Der Traum der roten Kammer wurde im 18. Jahrhundert (Qing-Dynastie) geschrieben und spielt auch zu dieser Zeit in einer Aristokraten-Familie [3]. Die Hauptfiguren sind Jiǎ Bǎoyù (賈寶玉), bei Kuhn Pao Yü, sowie seine beiden Cousinen Lín Dàiyù (林黛玉), bei Kuhn Blaujuwel, und Xuē Bǎochāi (薛寶釵), bei Kuhn Pao Tschai [4]. Der Roman hat etwa 350 Figuren und die Übersetzung von Kuhn hat einen Umfang von fast 800 Seiten, ist aber um ca. 2/3 verkürzt. Wer jetzt mehr wissen will, der sollte sich den Wikipedia-Artikel anschauen [3].

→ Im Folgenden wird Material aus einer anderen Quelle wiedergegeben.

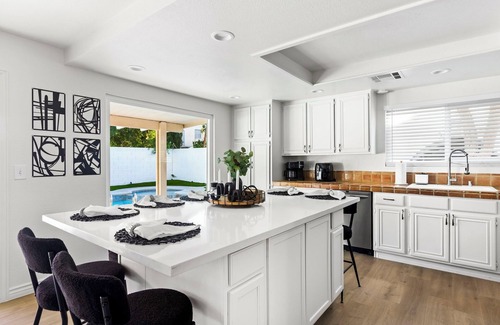 Spring Valley House | Spacious 5-bedroom house in vibrant Las Vegas 10 Mins to the strip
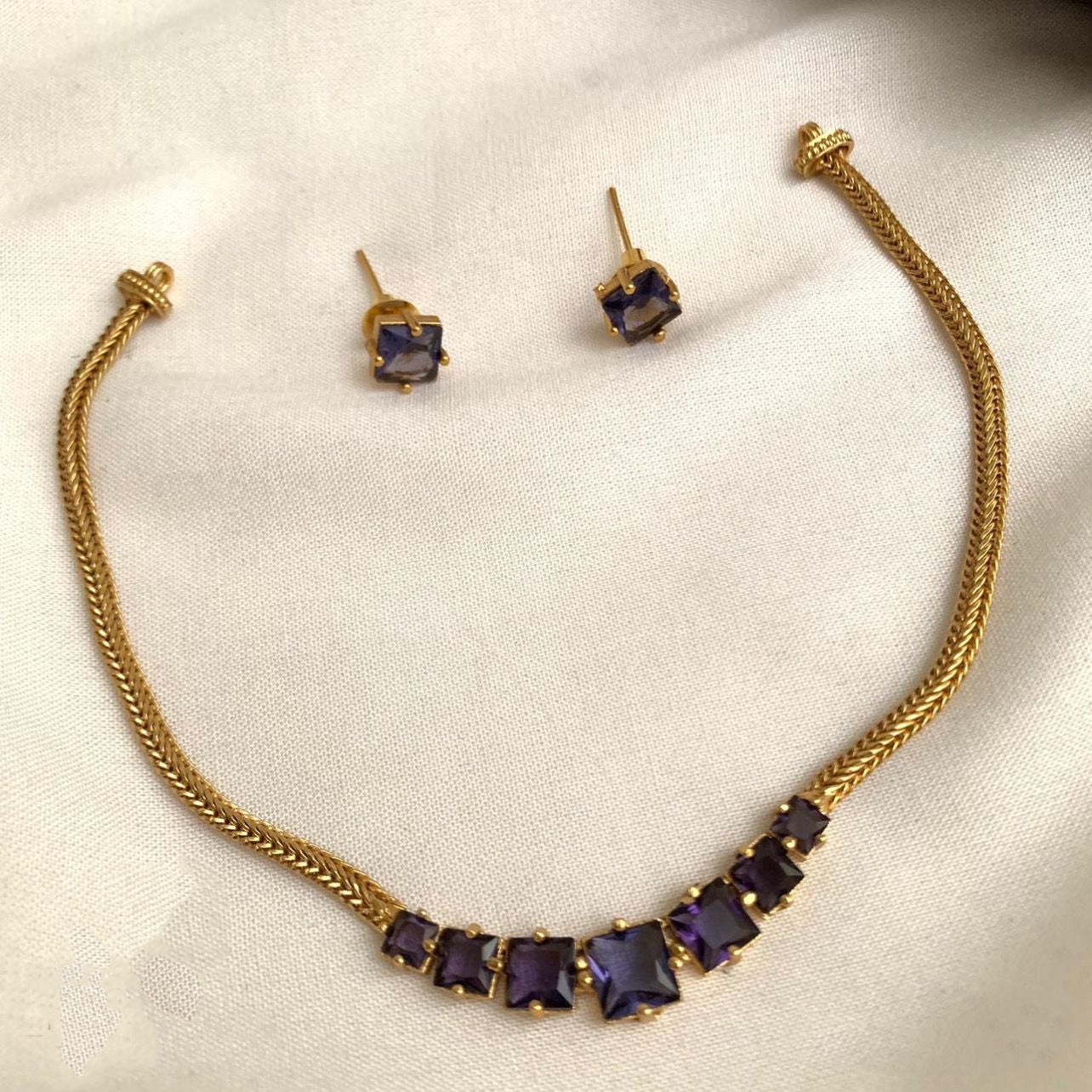 7 stones chain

Darin brühte ich heute meinen Tee, mit Wasser aus der Eifel - und weil es grüner Tee war, nicht kochend! |
Die entsprechende Stelle steht im 25. Kapitel [2], ab S. 340 meiner Ausgabe. Die 18jährige, hochgebildete Nonne Miao Yü ist eine Teekennerin und serviert Tee. Auf die Frage, mit welchem Wasser der Tee gekocht wurde, antwortet sie: „Mit letztjährigem aufgefangenem Regenwasser“. Später zieht sie sich mit Pao Tschai und Blaujuwel zurück und bietet ihnen besonderen Tee an. Pao Yü gesellt sich zu den drei Damen und bekommt einen Tee, den er über alle Maßen lobt. „Ist dieser Tee auch mit letztjährigem Regenwasser bereitet? fragt Blaujuwel. Weit gefehlt! „... Das Wasser, mit dem dieser Tee bereitet ist, habe ich vor fünf Jahren, als ich im „Tempel der dunklen Gräberweihrauchkringel“ weilte, aus dem Schnee von verschneiten Pflaumenblüten gewonnen. ... und den Krug unangetastet fünf Jahre tief im Erdboden aufbewahrt. ... Wie kannst du nur annehmen, daß man von gewöhnlichem letztjährigem Regenwasser einen so reinen, feinen Geschmack erzielen kann, wie ihn dieser Tee besitzt?“
Das ist Literatur und spiegelt nicht den allgemeinen Gebrauch, auch nicht zu jener Zeit, wider. Nach den Tee-Weisen des Abendlandes sollte das Wasser frisch, nicht abgestanden und nicht zu kalkhaltig sein, nur kurz aufkochen und sprudelnd über den Tee gegossen werden. Alles Quatsch! Ich werde im nächsten Winter wenigstens den Schnee von meinem knorrigen Pflaumenbaum sammeln und in Flaschen unter der Erde (im Keller) aufbewahren und reifen lassen.
Schnee der auf Pflaumenzweigen liegt - Anfang 2021 |
Links, Literaturangaben und Anmerkungen:
[1] „In dem chinesischen Roman Der Traum der Roten Kammer (紅樓夢) wird sich über den Geschmack von Tee unterhalten (wahrscheinlich Bao Yü mit seinen Kusinen), der mit Schnee von Pflaumen- oder Kirschzweigen gebrüht wurde.“ https://rheumatologe.blogspot.com/2021/09/teerezepte-in-teebuchern.html
[2] Der Traum der roten Kammer. Aus dem Chinesischen übertragen von Franz Kuhn. Insel-Verlag, Leipzig 1948.
[3] https://de.wikipedia.org/wiki/Der_Traum_der_Roten_Kammer
[4] Kuhn benutzt die Lautschrift nach dem Chinesisch-deutschen Wörterbuch von Werner Rüdenberg und Hans O.H. Stange. Pinyin gab es zu der Zeit noch nicht.